Research in Dzhetyasar tract

18.03.2022 14:20

The Dzhetyasar detachment of the Khorezm expedition of the Institute of Ethnography of the USSR Academy of Sciences continued excavations of Dzhetyasar 12 settlement in the lower reaches of the Syr Darya. The work was carried out on both platforms of the fortress, while more than two-thirds of the territory of the high central platform was uncovered in a continuous area. In addition to fortifications (three protruding towers, two parallel shooting corridors of different building horizons, later fortress walls), about 130 rooms were excavated, belonging to at least five building periods.

On the northern section of the lower platform, the excavation (7) adjoined the fortress walls of the upper platform. Here, seven rooms were cleared and the remains of the outer fortress wall, set on the mainland, were traced. The interior of these rooms is similar to that recorded in the rooms of the middle building horizons on the upper platform.

On the upper platform, excavations 1 and 4 were deepened within individual residential sections and premises, and the structures of the upper building horizons were dismantled. As a result, the original fortress wall was cleared in its western and eastern sections. The wall, placed on the mainland, expanded significantly from the outside to the base and was equipped with loopholes, located at a height that implied firing only in a standing position or using special bridges. Along the fortress wall with loopholes, a corridor was perpendicular to which there were corridor-like rooms and large “halls”. The bulk of the residential premises within the original fortress wall was probably built on a 2-meter platform of pakhsa blocks, placed directly on the mainland as the pits showed. All rooms of the lower building horizon had rather thick walls, which suggests the existence of vaulted ceilings. As can be judged already at present, the layout of the lower construction horizon differed sharply from the residential development of all overlying construction periods. The excavations have confirmed that the original central platform had an oval (or subrectangular with smoothly rounded corners) shape in plan. At the same time, the location of the entrance to the fortress did not coincide with the later one. Vaulted, sub-rectangular towers (five) were added to the original fortress wall during the second construction period. Two of them flanked the entrance to the fortress. In the same period, the entire inner space of the central platform was divided in two by a meridional corridor, with smaller corridors extending from it at right angles.
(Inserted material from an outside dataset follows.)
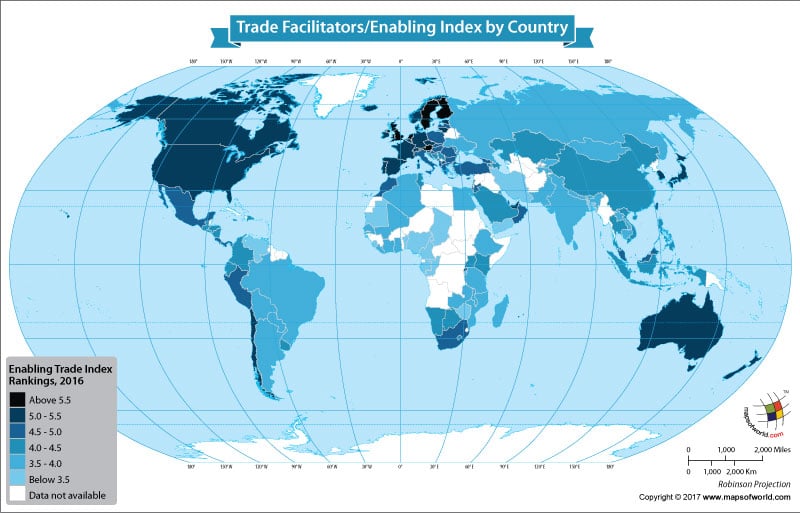 World map showing trade facilitators/enablers index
The usual residential section included two or three functionally different rooms. The interior layout of the main living space with wide low sufas, a central hearth, and a fireplace is extremely typical. Inside the main walls of the section, the rooms were repeatedly rebuilt, even their number and location changed, but the interior remained unchanged.
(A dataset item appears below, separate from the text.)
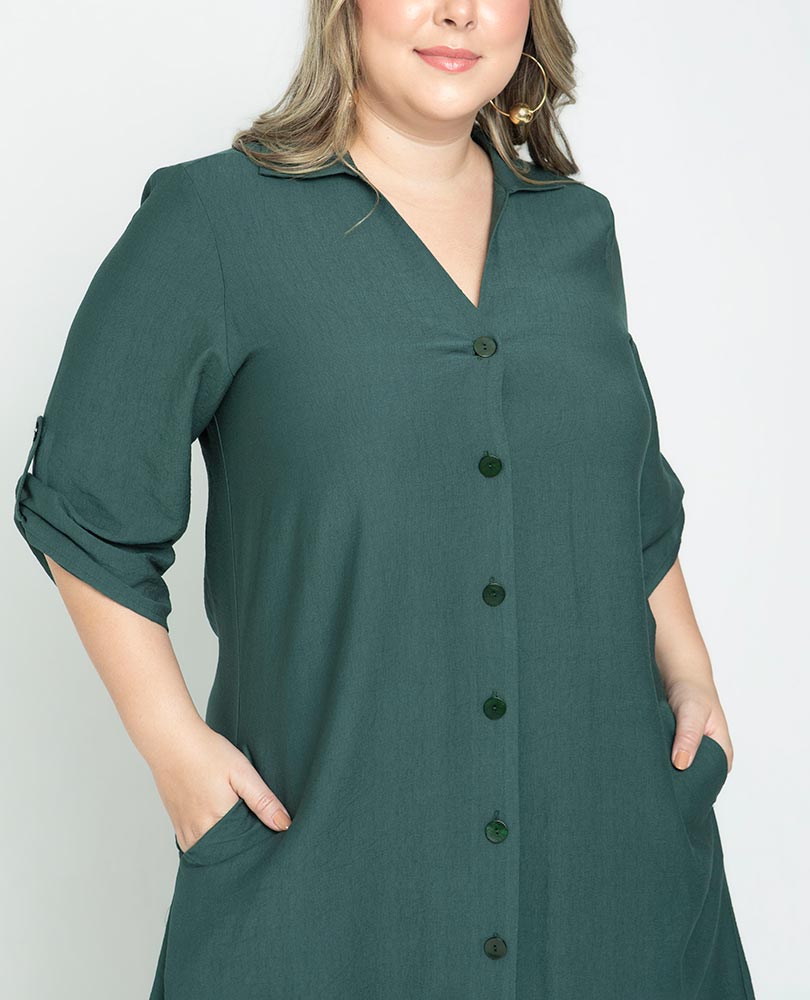 VESTIDO CAMISERO TALLAS GRANDES Adrissa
In the upper building horizons within the section, the rooms were often located at different levels and communicated by narrow stairways. Almost every residential section was connected to a specific section of the shooting gallery, built (by blind compartments) between the towers in the third building period. Obviously, members of a certain family had to protect "their" section of the shooting corridor, using it in peacetime as a residential or utility room. After constructing the second ring of the shooting corridor (also with blind compartments), these peaceful functions remained the only ones for the compartments of the first corridor. Among the finds, besides the characteristic Dzhetyasar ceramics, we note petiolate bone arrowheads, stone and bone (and from fish vertebrae) beads.
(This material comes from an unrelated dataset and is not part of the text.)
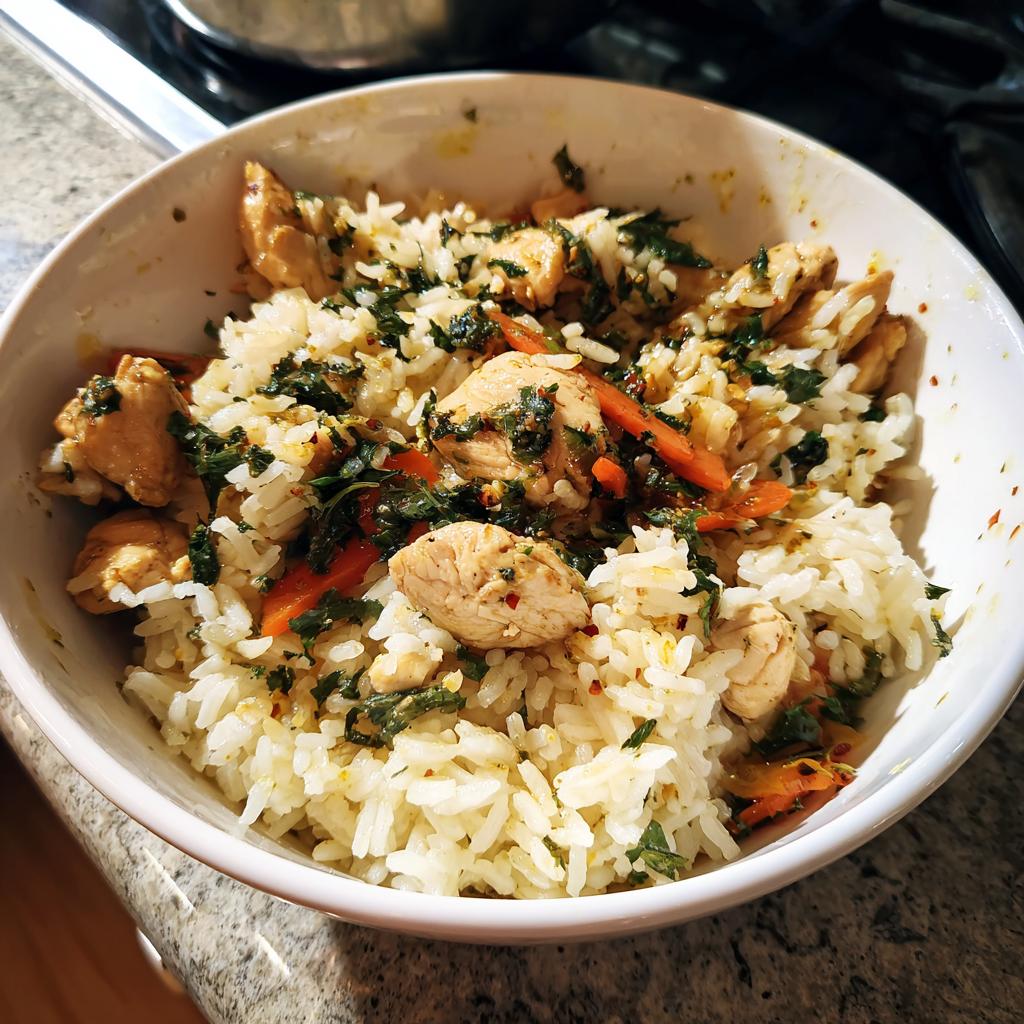 Tazón con cenas con arroz rápidas, pollo, zanahorias y hierbas frescas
Simultaneously with the work on the settlement, the study of the burial structures of the Dzhetyasyr people continued. To the southwest of the settlement, in a burial ground on the bank of an ancient riverbed, several burials were excavated that did not preserve ground structures. Like the previously opened burials, the grave pits were surrounded by ditches that were not enclosed from the south. Often in the eastern wall of a grave under a rectangular plan, a small food was arranged, where vessels and bones of rams were placed. The buried lay on reed-reed mats and sometimes were covered with them, stretched out on their backs, with their heads to the north with seasonal deviations. The burial inventory is similar to that found at Dzhetyasar 2.